Deniz is living proof of how difficult it is to find true empathy across the divide – because she went out with a Greek Cypriot for two years from 2008, an experience she describes as “eye-opening”. It’s empowering, she says, to engage so intimately with the so-called enemy – though it also takes courage, because some are bound to treat you as an outcast. Was she treated badly? Now and then, she shrugs, but “because I was so open about it, I was so cool about it, nobody could judge me about it. But I have to say I was a lot braver than my boyfriend. He had a lot more issues about that”.
The boyfriend loved her – “I knew that he loved me, with his whole heart” – but couldn’t get past the ethnic baggage; “Oh my god, you’re the first Turkish Cypriot I ever met in my life,” she recalls him saying when they first met (“He was looking at me as if I was an alien, and I was just smiling at him”). He tried to work through his issues, but ultimately “there was this huge dichotomy inside him”, between Deniz on the one hand and his family on the other. “He was afraid he was going to be stigmatised by his community if we took the relationship to a serious level,” she recalls. “He had the courage to go out with a Turkish Cypriot girl, but he didn’t have the guts to take it further, to make it more serious”. After they broke up she tried for a year to change his mind, but in vain; the Cyprus problem got in the way. “He was telling me ‘if I carry on with you I would be legitimising the occupation of the island’,” relates Deniz without apparent irony.
Once again, the word is frustration – a high-achieving woman trying (and trying) to change the seemingly unchangeable. “For me it would’ve been a dream to have a bicommunal baby,” she sighs. “Because I believe that would be a real Cypriot baby. But some people may not see it like that.

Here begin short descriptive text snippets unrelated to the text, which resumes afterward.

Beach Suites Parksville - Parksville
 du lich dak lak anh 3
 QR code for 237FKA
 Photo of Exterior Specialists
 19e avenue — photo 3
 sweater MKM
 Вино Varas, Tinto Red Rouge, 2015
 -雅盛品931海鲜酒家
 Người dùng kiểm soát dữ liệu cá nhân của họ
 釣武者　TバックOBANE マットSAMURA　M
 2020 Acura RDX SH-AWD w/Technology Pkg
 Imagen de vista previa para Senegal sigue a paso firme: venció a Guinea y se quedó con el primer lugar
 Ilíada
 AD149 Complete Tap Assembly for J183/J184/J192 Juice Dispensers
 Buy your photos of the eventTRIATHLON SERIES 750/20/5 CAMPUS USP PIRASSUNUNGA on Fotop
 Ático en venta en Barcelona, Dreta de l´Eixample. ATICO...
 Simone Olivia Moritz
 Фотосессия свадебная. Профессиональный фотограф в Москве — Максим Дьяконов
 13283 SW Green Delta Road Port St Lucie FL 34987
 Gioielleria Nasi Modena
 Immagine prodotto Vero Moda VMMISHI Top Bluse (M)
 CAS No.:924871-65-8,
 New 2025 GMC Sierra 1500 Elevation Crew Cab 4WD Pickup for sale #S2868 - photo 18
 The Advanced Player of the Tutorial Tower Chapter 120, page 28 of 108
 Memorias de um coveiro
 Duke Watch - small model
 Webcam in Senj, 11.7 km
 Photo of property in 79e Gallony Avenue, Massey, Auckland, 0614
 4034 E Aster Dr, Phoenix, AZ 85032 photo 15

Some may say, what a problematic child – are you going to give that baby a Greek or Turkish name, what will be the religion, is it going to have circumcision, is it going to have vaftisha [a christening]?” She sighs again: “You know, it shouldn’t be that complicated”.
We’ve been talking for almost two hours; the restaurant is filling up. Immediately behind us, a long table has been set up for a group of UN dignitaries. Alexander Downer, the UN Special Adviser, arrives and takes a seat midway down the table; Deniz gets up to shake hands and schmooze a little (I get the impression that she knows him, but not very well). “Good on yer!” booms Mr Downer when she relates what she’s been up to. I assume they love her at the UN, or at least would like to see her succeed: she’s young, female, pro-solution, extremely well-educated – the antithesis of the ‘old men’ and their old ways of thinking. She even did her Masters at SAIS (the prestigious Johns Hopkins School of Advanced International Studies), which is also the alma mater of UNICEF head Lisa Buttenheim.
How much longer can Deniz Birinci keep banging her head against narrow, conservative mindsets? Maybe not much longer. “I think it’s time for a career change,” she tells me, thinking of a job in the private sector or perhaps the EU. And of course she’s a politician now, and can dream of a seat as MEP (though it’s near-impossible for a Turkish Cypriot) or even a post in a reunified Cyprus. “I ran for the Turkish Cypriot Assembly,” she declares of her recent electoral bid – “but my real dream is to run one day for the United Republic of Cyprus Assembly!”. Then we shake hands, I make my way home – and spend 90 minutes in a nightmare labyrinth of dark alleys, anonymous streets and vicious dogs, the very strange feeling of being lost in my own town. This is no way to run a country.